В гостиной Лайза излучала безмятежность. В белой футболке и джинсах она выглядела много моложе. Она что-то говорила матери и повернулась к отцу, чтобы и его подключить к беседе, когда Фергюс вошел в комнату и опустился в шезлонг. Он взглянул на Этель, и ему стало жалко ее чуть ли не до боли: она выглядела напуганной и будто усохшей.
– Я лишь хочу повторить, – говорила Лайза, – то, что сказала нам миссис Киттеридж на уроке математики, – никогда этого не забуду! Она писала на доске всякие формулы и вдруг обернулась к классу и сказала: «Все вы знаете, какие вы. Приглядитесь к себе, прислушайтесь к себе, и вы поймете, кто вы есть. И не забывайте об этом». И я не забыла. Это придавало мне мужества идти своим путем, потому что она была права. Я поняла, кто я есть.
– Ты поняла, что ты… доминатрикс? – спросил Фергюс. – Ты это имеешь в виду?
– В каком-то смысле – да. Я знала, всегда знала, что я обожаю наряжаться, и мне нравится говорить людям, что надо делать, мне нравятся люди, папа, а у этих людей имеются определенные проблемы, и я помогаю им их разрешить, и это очень здорово.
– Я все равно не понимаю, – сказала Этель. – Совсем не понимаю.
Глаза у нее словно смотрели в разные стороны, когда Фергюс взглянул на нее. А еще он заметил черные корни волос и торчащие светлые пряди – должно быть, она взъерошила волосы, – и да, вот она снова запустила пятерню в свою шевелюру.
– Детка, я стараюсь, – лепетала Этель. – Я стараюсь, Лайза, но я просто не могу этого уразуметь.
Лайза терпеливо кивнула. Ее темно-карие глаза блестели, а лицо светилось точно так же, как в первые минуты ее пребывания в родительском доме.
– Именно поэтому мы работаем над нашим документальным фильмом. Люди не должны чувствовать себя совсем уж… совсем маргиналами, если у них иные потребности. Это всего лишь разновидность человеческого поведения, что мы и пытаемся донести до широкой публики. – Она разгладила ладонью волосы, ее уверенность в себе казалась неколебимой.

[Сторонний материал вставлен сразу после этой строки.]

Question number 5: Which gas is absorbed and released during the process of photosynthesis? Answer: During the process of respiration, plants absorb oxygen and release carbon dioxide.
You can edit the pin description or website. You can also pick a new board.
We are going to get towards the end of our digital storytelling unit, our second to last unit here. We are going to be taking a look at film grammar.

Фергюс откашлялся и подался вперед, уткнув локти в колени:
– Если втыкать иголки в чей-то пенис является допустимым человеческим поведением, тогда с этим что-то очень и очень не так. – Он дернул себя за бороду. – Боже, Лайза. – Встал, повернулся к двери, затем обратно к дочери: – Человеческое поведение, говоришь? Ради всего святого, фашисты с их концлагерями – это тоже человеческое поведение. Какого хрена мы должны оправдывать любое человеческое поведение? Честное слово, Лайза!
И она разразилась слезами. Половодьем слез. Лайза рыдала и рыдала, тушь на глазах поплыла, стекая по щекам черными ручейками. Как он мог назвать ее фашисткой? Как он мог такое сказать? А когда шумные рыдания стихли, Лайза объявила, что причиной всему – невежество. Она встала, по ее белой футболке расползалась черная капля туши.

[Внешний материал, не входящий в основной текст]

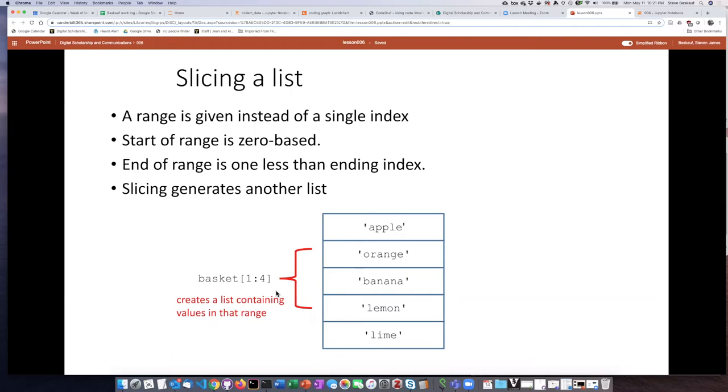and this will be something we'll see several other places, is that in Python the end of the range is actually one less than the ending index.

– Я люблю тебя, папа, – сказала она. – Но ты невежда.
* * *
На обочине стояла Анита Кумс, прислонясь к низкому синему автомобильчику с погнутым бампером. Фергюс затормозил и вышел из пикапа. Дорога была пустынна, она вела к мысу, и вокруг не было ничего, кроме полей. Солнце ярилось, и бампер на автомобиле Аниты переливался всеми цветами радуги.